= Kira Barton =

American mechanical engineer

Kira L. Barton is an American mechanical engineer whose research concerns the applications of control theory to the coordination of multi-agent and autonomous robot systems, including in additive manufacturing. Her work has also involved the development of a digital twin framework for smart manufacturing. She is a professor of mechanical engineering, professor of robots, and Miller Faculty Scholar at the University of Michigan.

==Education and career==
She graduated from the University of Colorado Boulder in 2001 where she majored in mechanical engineering.

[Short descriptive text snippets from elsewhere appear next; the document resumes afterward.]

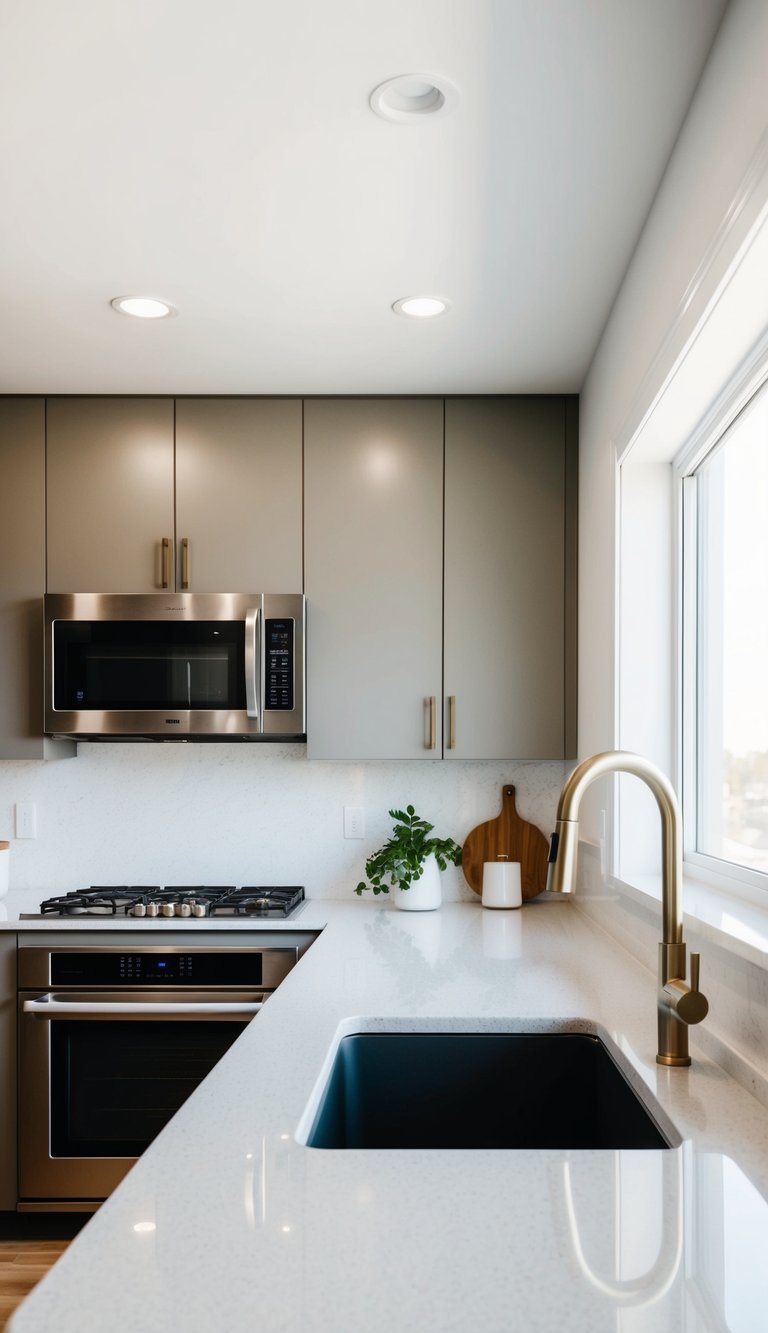 Sleek kitchen showcasing quartz countertops with minimalist decor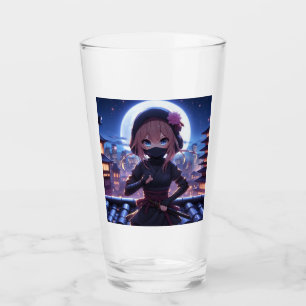 Cute ninja warrior girl glass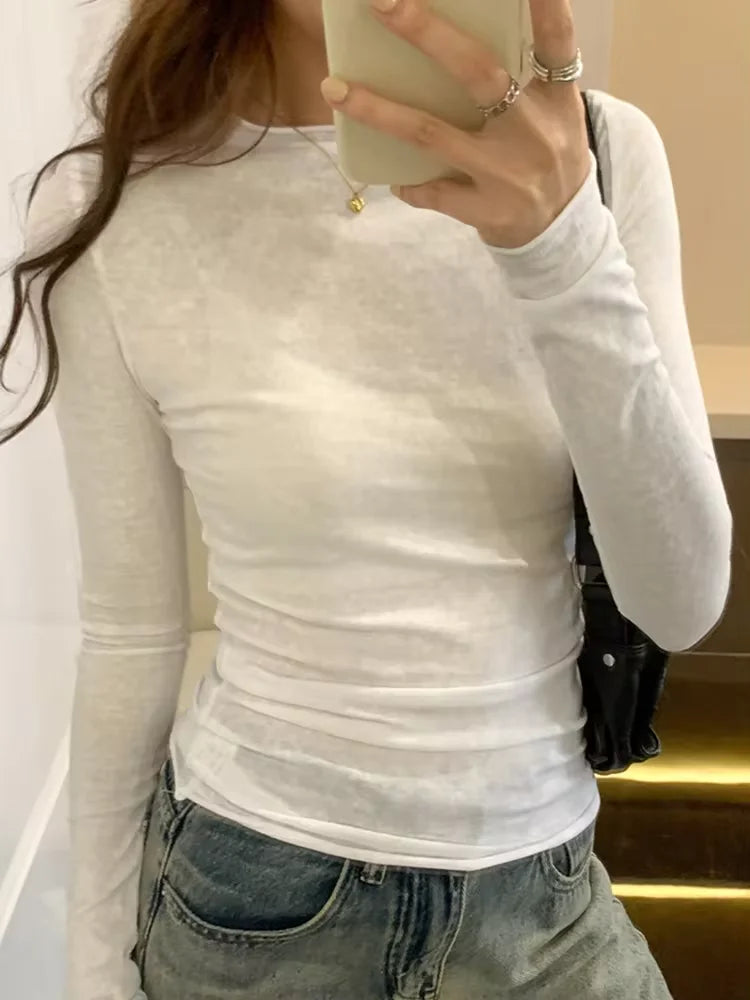 Women's Slim Fit Long Sleeve O - Neck Casual Tee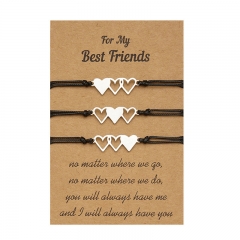 Wholesale Best Friend Card Bracelet Creative Stainless Steel Hollow Heart Bracelet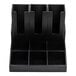 A black bamboo coffee condiment organizer with nine compartments and removable cup holders.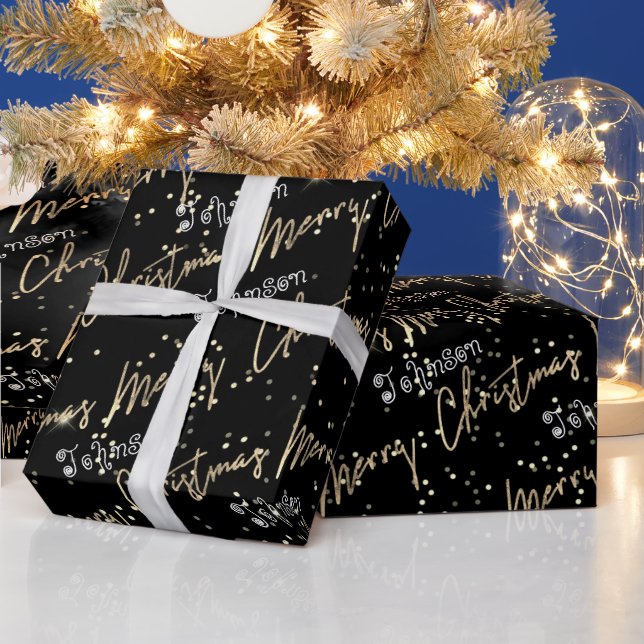 Merry Christmas Golden Script From Name Black  Wrapping Paper (Holidays)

She continued her studies at the University of Illinois Urbana-Champaign, where she received a master's degree in 2006 and completed her Ph.D. in 2010, under the supervision of Andrew G. Alleyne.

She joined the University of Michigan as an assistant professor of mechanical engineering in 2011.She is currently a professor in the robotics and mechanical department of the University of Michigan. She is the associate director of the automotive research center, which is a center that specializes in the modeling and simulation of civilian and military ground systems.

==Recognition and Awards==
- Barton was a 2015 recipient of the Society of Manufacturing Engineers Outstanding Young Manufacturing Engineer Award, and in 2015 became the inaugural recipient of the Outstanding Young Alumni Award of the University of Illinois Urbana-Champaign Department of Mechanical Science and Engineering. She was the 2017 recipient of the biennial Outstanding Young Investigator Award of the American Society of Mechanical Engineers (ASME) Dynamic Systems & Control Division.

- She was named as an ASME Fellow in 2024.

- AY23-24 MMRI UM Faculty Proposal Team Awards, for the project:Generative AI for Materials and 3D Printing Co-Design: Toward a Center for Additive Manufacturing and Material Advancements in Construction (CAMMAC), in collaboration with Dr. Mania Aghaei Meibodi. Presented by the Michigan Materials Research Institute (MMRI), University of Michigan (UM).